Brekingnews/ Banda Aceh agaranews.com.online – Dewan Perwakilan Rakyat Aceh (DPRA) bersama Komisi Pemberantasan Korupsi Republik Indonesia (KPK RI) menggelar rapat koordinasi strategis di Ruang Serbaguna Gedung DPRA, Jumat (24/10/2025). Pertemuan ini menjadi langkah penting dalam memperkuat sistem pencegahan korupsi sekaligus menekan potensi penyimpangan dalam penyusunan dan pelaksanaan Anggaran Pendapatan dan Belanja Daerah (APBD) Aceh.
Rapat yang dihadiri oleh pimpinan dan anggota DPRA bersama tim Koordinasi dan Supervisi (Korsup) Wilayah I KPK RI itu membahas sejumlah persoalan krusial seputar perencanaan, penganggaran, serta pengawasan penggunaan anggaran publik.

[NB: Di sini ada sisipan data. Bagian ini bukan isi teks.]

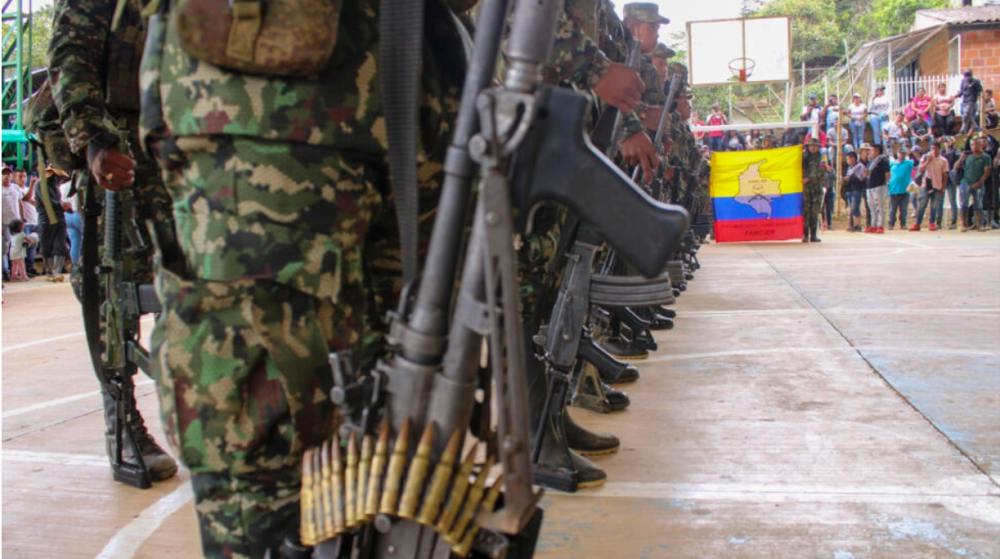 Several splinter groups of FARC dissidents – one of which is seen here attending a funeral in November 2022 -- have announced a cease-fire until the new year. AFPPIX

Kasatgas Korsup Wilayah I KPK RI menegaskan bahwa banyak kasus korupsi di daerah berawal dari lemahnya perencanaan dan minimnya transparansi dalam penyusunan APBD. Karena itu, KPK mendorong sinergi yang lebih kuat antara legislatif dan eksekutif untuk memastikan kebijakan anggaran benar-benar berpihak pada kepentingan rakyat.
> “KPK hadir bukan untuk mencari kesalahan, tapi untuk memastikan tidak ada ruang gelap dalam pengelolaan uang negara. Semua proses harus terbuka, terukur, dan dapat dipertanggungjawabkan,” tegas perwakilan KPK RI dalam arahannya.
Sementara itu, Ketua DPRA H. Ali Basrah, S.Pd, MM menyatakan pihaknya menyambut baik pendampingan dari KPK. Ia menilai langkah ini sebagai bentuk komitmen bersama untuk memperkuat integritas dan akuntabilitas lembaga legislatif di Aceh.
> “Kita tidak ingin lagi mendengar ada kebocoran anggaran atau proyek yang tidak menyentuh masyarakat. Setiap rupiah dari APBD harus memberi manfaat nyata bagi rakyat Aceh,” ujar Ali Basrah dengan nada tegas.
Dalam rapat tersebut, hadir pula Wakil Ketua I Zulpadli, Wakil Ketua III Salihi, serta para ketua fraksi dan anggota dewan lainnya. Mereka sepakat bahwa pengawasan internal di tubuh DPRA perlu diperkuat agar proses legislasi dan penganggaran berjalan sesuai prinsip good governance.
Rapat koordinasi ini juga menandai keseriusan KPK dalam mengawal transparansi daerah. Langkah ini diharapkan menjadi sinyal tegas bahwa Aceh siap membangun sistem pemerintahan yang bersih dan bebas dari praktik korupsi — bukan sekadar slogan, tapi gerakan nyata menuju perubahan.